• [Work request]: Copy the lines below word for word, skipping any image.

• [Dataset excerpt]:

-- Opening Marker --

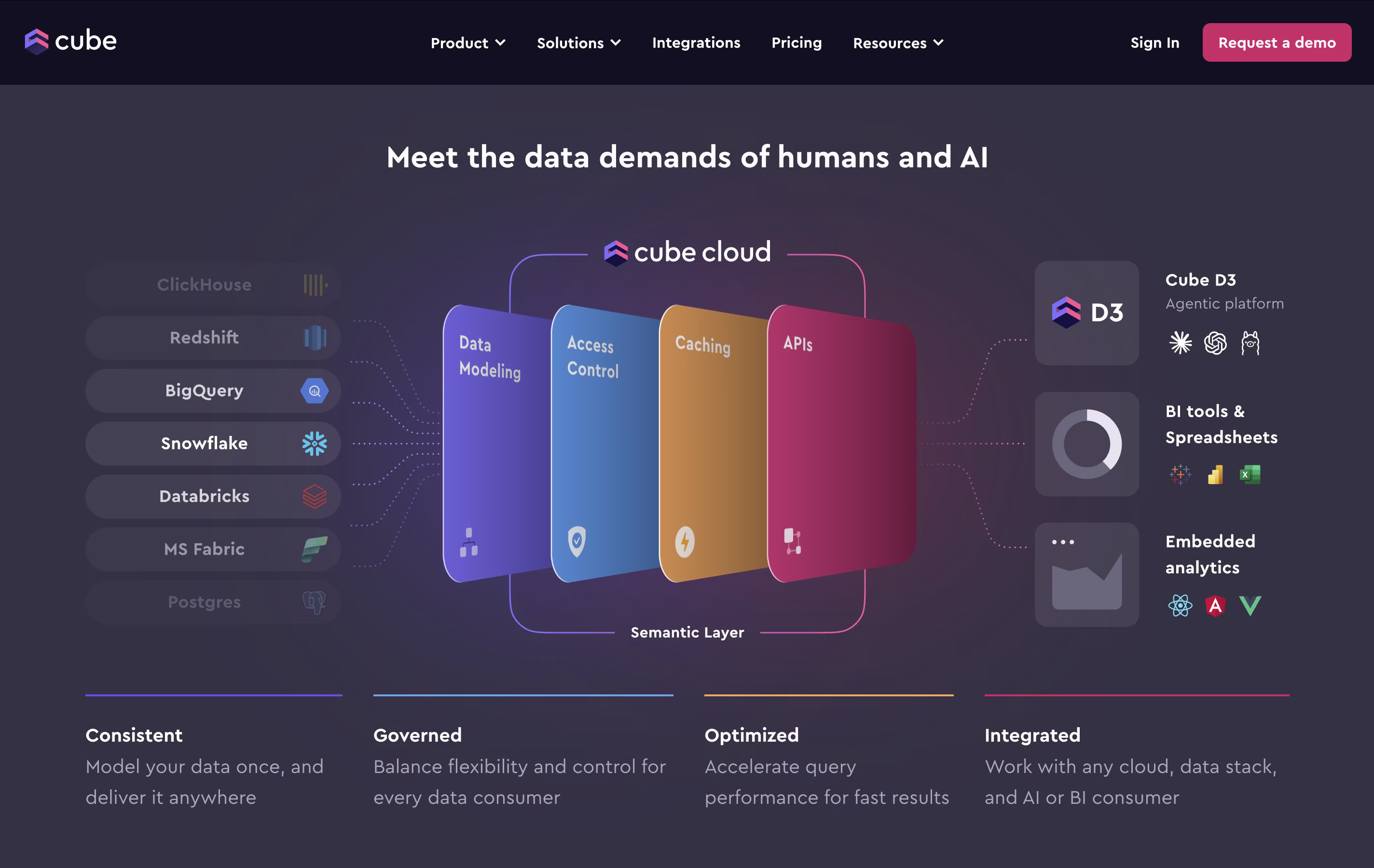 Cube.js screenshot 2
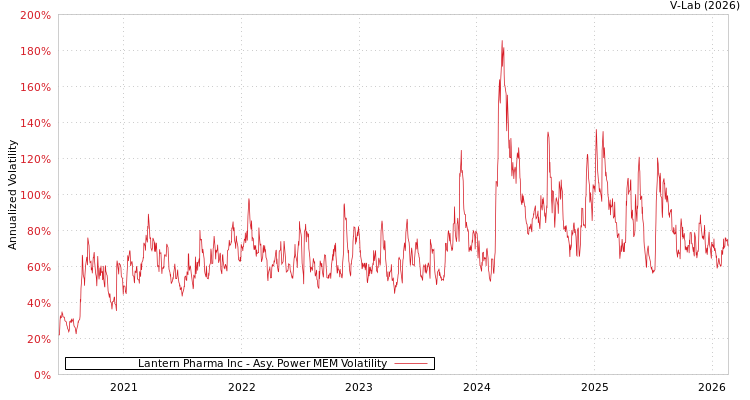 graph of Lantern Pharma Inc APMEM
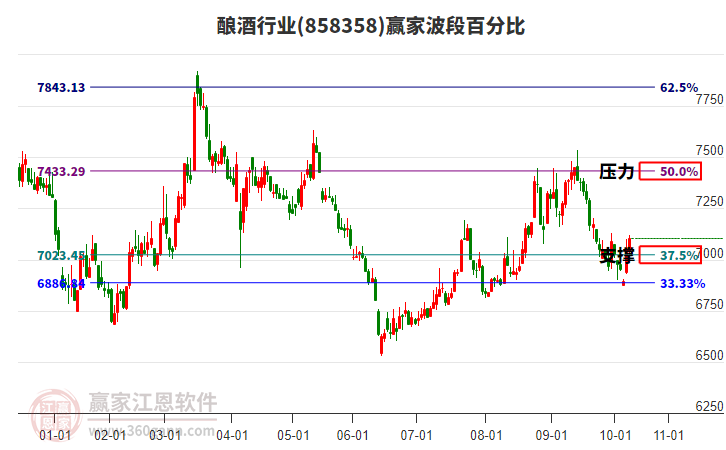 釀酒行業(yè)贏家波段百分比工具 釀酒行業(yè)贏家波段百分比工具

-- Closing Marker --

• [Solution]:
 Cube.js screenshot 2
 graph of Lantern Pharma Inc APMEM
 釀酒行業(yè)贏家波段百分比工具 釀酒行業(yè)贏家波段百分比工具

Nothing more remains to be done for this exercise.